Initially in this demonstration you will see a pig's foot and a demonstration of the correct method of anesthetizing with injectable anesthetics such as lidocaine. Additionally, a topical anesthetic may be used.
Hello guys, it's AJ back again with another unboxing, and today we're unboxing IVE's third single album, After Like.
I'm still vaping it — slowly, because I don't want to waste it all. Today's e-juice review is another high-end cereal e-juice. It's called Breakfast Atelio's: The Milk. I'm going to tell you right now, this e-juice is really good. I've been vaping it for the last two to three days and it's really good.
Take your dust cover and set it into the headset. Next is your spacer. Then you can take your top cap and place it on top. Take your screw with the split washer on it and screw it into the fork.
* * *
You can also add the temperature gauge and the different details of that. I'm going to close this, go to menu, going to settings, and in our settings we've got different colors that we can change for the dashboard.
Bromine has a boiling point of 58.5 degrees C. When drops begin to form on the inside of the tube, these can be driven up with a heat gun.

TASK INSTRUCTIONS ▸ Considering only the material above, set down every line from the one with "Initially in this" to the one with "Take your dust", inclusive, exactly as written.

ANSWER TO THE EXERCISE ▸
Initially in this demonstration you will see a pig's foot and a demonstration of the correct method of anesthetizing with injectable anesthetics such as lidocaine. Additionally, a topical anesthetic may be used.
Hello guys, it's AJ back again with another unboxing, and today we're unboxing IVE's third single album, After Like.
I'm still vaping it — slowly, because I don't want to waste it all. Today's e-juice review is another high-end cereal e-juice. It's called Breakfast Atelio's: The Milk. I'm going to tell you right now, this e-juice is really good. I've been vaping it for the last two to three days and it's really good.
Take your dust cover and set it into the headset. Next is your spacer. Then you can take your top cap and place it on top. Take your screw with the split washer on it and screw it into the fork.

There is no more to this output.